Lamb metabolites and hormones

Consistent with the maternal data, lamb plasma glucose and insulin concentrations in the blood samples taken within 6 h of birth were significantly lower in Twin lambs compared with Reduction and Singleton lambs (Fig. 4). Insulin concentrations remained elevated in Reductions through to weaning at 3 months of age and glucose concentrations were also higher in this group until day 42 (Fig. 4). IGF-1 concentrations were not different amongst groups in the first week of life, but were significantly greater in Reductions and Singletons than in Twins at day 42 and were still elevated in Reductions compared with Twins at 3 months of age (day 84) (Fig. 4). There were no differences in lactate or urea concentrations amongst groups (data not shown).
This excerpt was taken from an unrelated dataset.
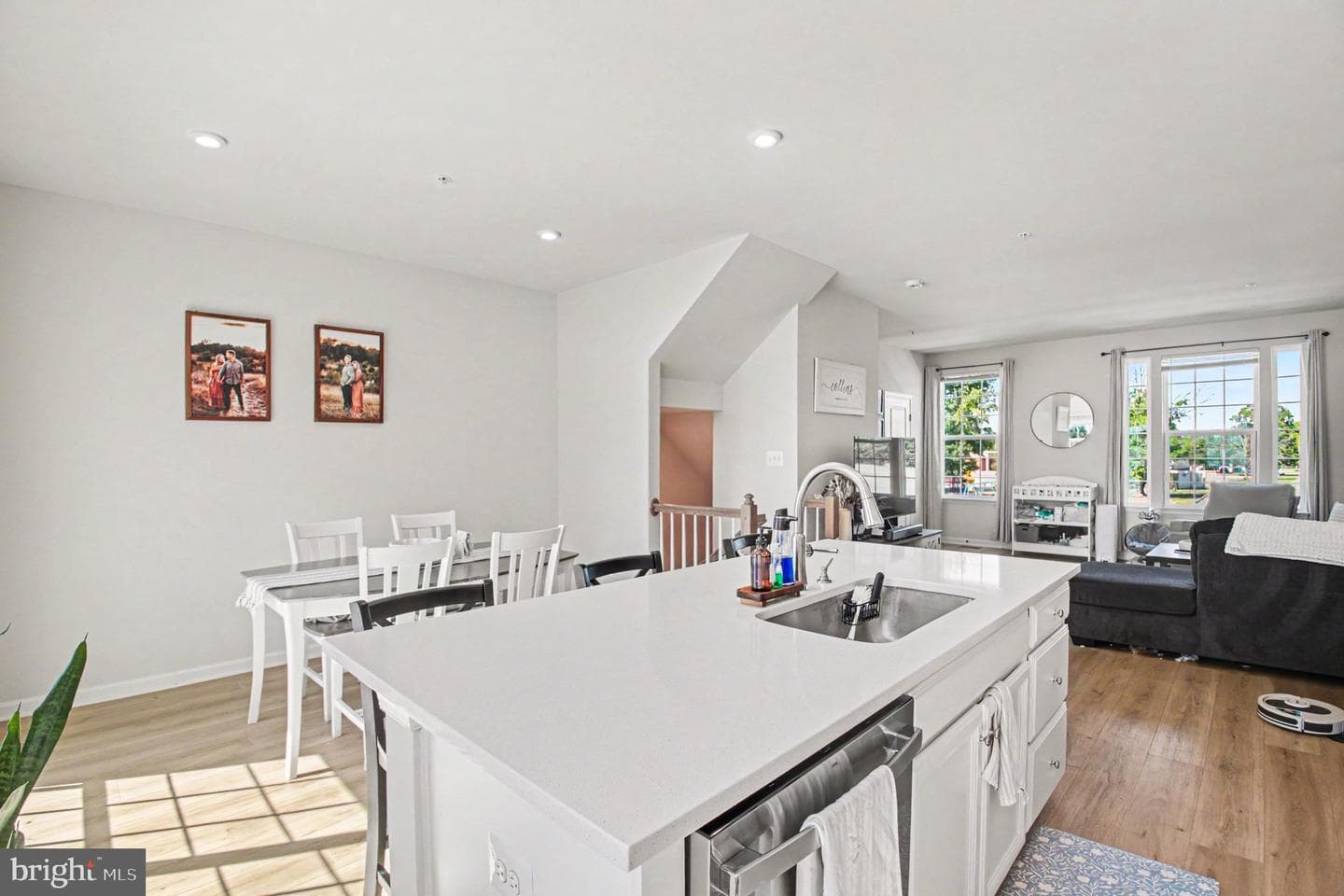 282 Doctor Andrews Way photo 6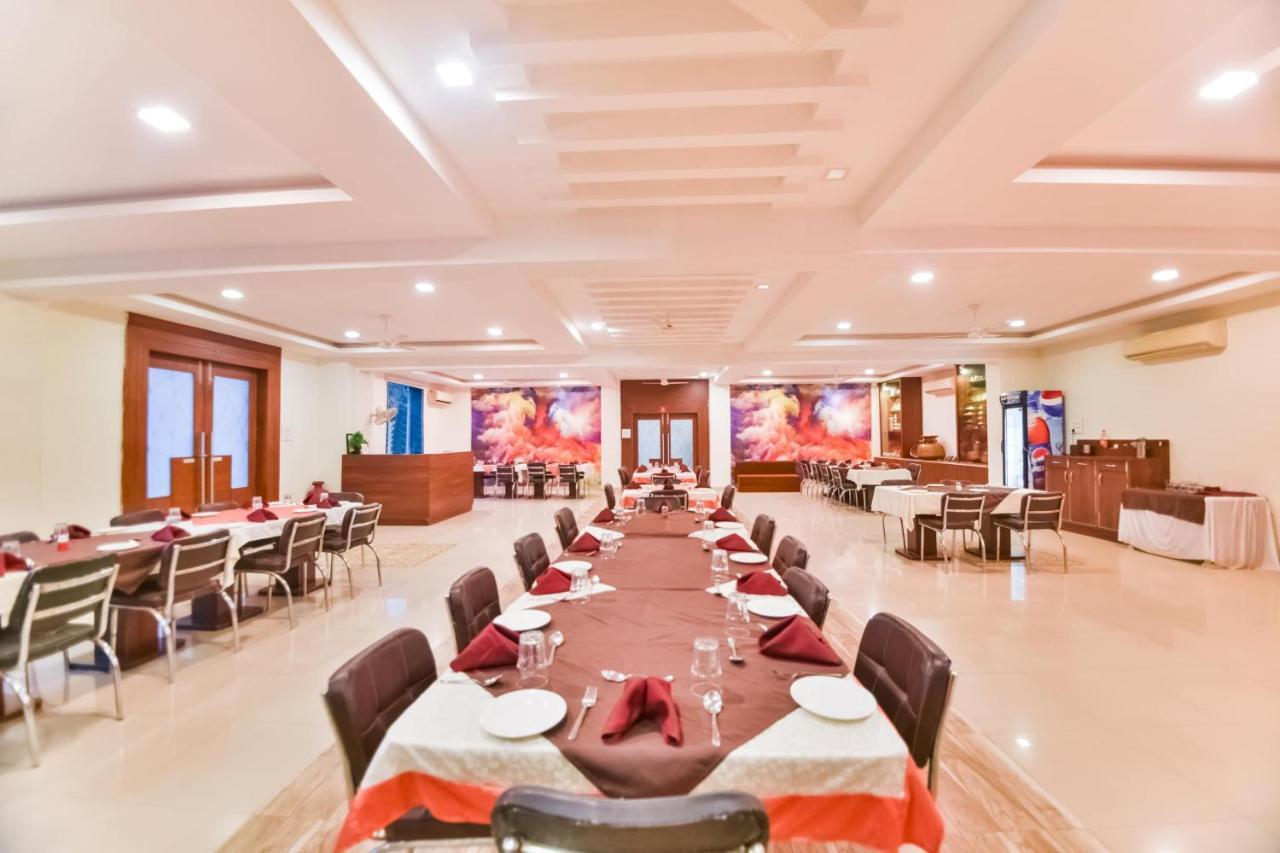 Palette - The Elegance Resort Chittorgarh 외부 사진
There were no significant differences amongst groups in any of the hormones or metabolites measured between weaning and 12 months of age apart from significantly greater plasma IGF-1 concentrations in Reductions compared with Singletons at 12 months of age (Reductions 216.7 (12.4) ng ml−1; Twins 200.0 (10.0) ng ml−1; Singletons 176.0 (10.6) ng ml−1; P < 0.05).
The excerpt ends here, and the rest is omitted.